Le thon rouge est vendu jusqu’à 300 dollars le kilo et représente donc une manne inestimable pour les poissonniers nippons. Le prix d’un poisson entier pouvant même atteindre 100.000 dollars.

Faire des propositions pour améliorer la restauration de nos futurs diplômés tel était le challenge, la réflexion que devaient mener Jean-Pierre Coffe et Jean -Robert Pitte. Si le premier n’est plus à présenter le second est géographe, spécialiste de la gastronomie et ancien président de l’université Paris-IV. A ce titre et depuis novembre dernier, ces personnes ont rencontré les étudiants mais aussi le personnel d’une dizaine de restos U. un rapport non dénué d’intérêt a été publié et que vous pouvez lire en format pdf à cette adresse.
http://media.enseignementsup-recherche.gouv.fr/file/2010/19/5/Rapport_PITTE_COFFE_139195.pdf

Ainsi donc on peut être étudiant et manger autre chose que des burgers, des pizzas, des paninis et autres kebabs frites?
Incroyable mais vrai et heureusement qu’il en est ainsi.
Ce petit rapport préconise d’introduire dans la restauration un peu de diététique et surtout, par l’exemple, une introduction ou un rappel au goût, ce qui me semble être le B A BA et la logique même.
Il faut quand même savoir que ce sujet est d’importance tant pour le CNOUS que pour les CROUS qui en dépendent mais la route est encore longue.

Je cite le rapport
« L’enseignement supérieur forme peut-être des savants, mais des indigents du goût et du plaisir !. »

Une idée sympathique est que les achats en produits frais de types fruits et légumes puissent se faire au près d’AMAP (Association pour le Maintien de l’Agriculture Paysanne). Voila une moyen de pratiquer la locavore.

Le bouchon sans goût de bouchon, une rêve?
Quel drame d’ouvrir une bonne bouteille en famille ou avec des amis et de s’apercevoir que celle ci est imbuvable car bouchonnée. Certains ont pensé remplacer le bon vieux bouchon de liège par du synthétique mais voilà, car il y a toujours un mais, la mauvaise capacité de conservation du vin de ce type de bouchon laisse un goût qui pour ne pas être de bouchon et tout autant déplaisant.

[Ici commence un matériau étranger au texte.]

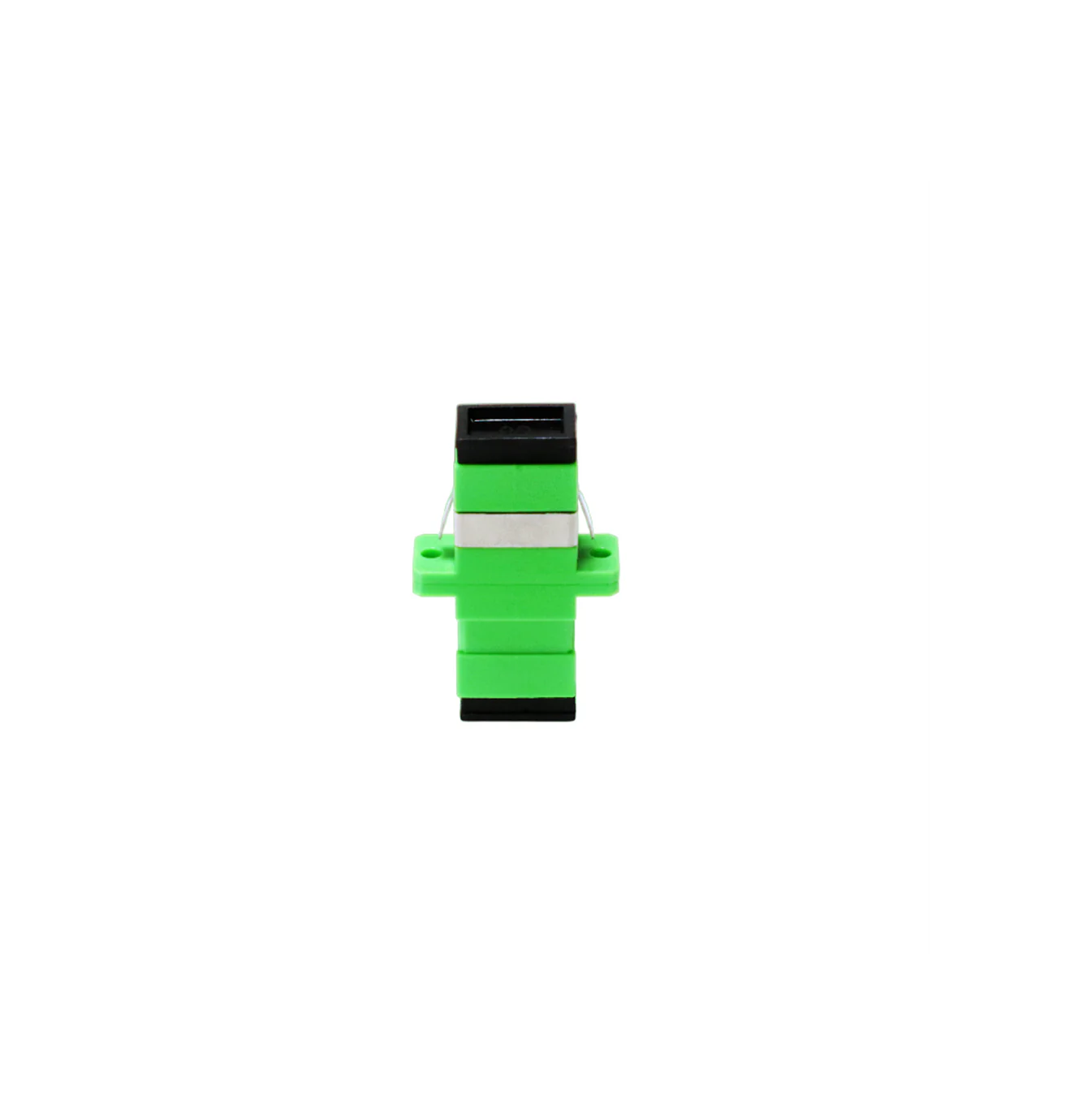 Adaptador fibra SC/APC SM simplex color verde Marca: Teklink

Depuis quelques temps, on trouve de plus en plus de bouchons en plastique sur les bouteilles de vin. Pourquoi ? C’est moins cher et ça évite le goût “bouchonné”. Mais le problème de ces bouchons de synthèse, c’est leur mauvaise capacité de conservation du vin, plan sur lequel le liège est imbattable.
La solution existe peut être grâce à une société des Pyrénées-orientales, Oeneo pour la citer. Cette société a réussi à purifier chimiquement le liège, là il faut voir comment, en lui ôtant 150 molécules. Le procédé DIAM a été primé en 2004 à Vinatech.
Pourquoi n’en parler que maintenant? Tout simplement parce qu’en 2010 cette société, aidée par la région Languedoc-Roussillon, veut créer des bouchons à “perméabilité contrôlée”. Contrôlée pour permettre à chaque type de vin de respirer juste ce qu’il doit pour notre plus grand plaisir.
Une affaire à suivre donc.

Sur ces quelques mots je vous souhaite une excellente semaine.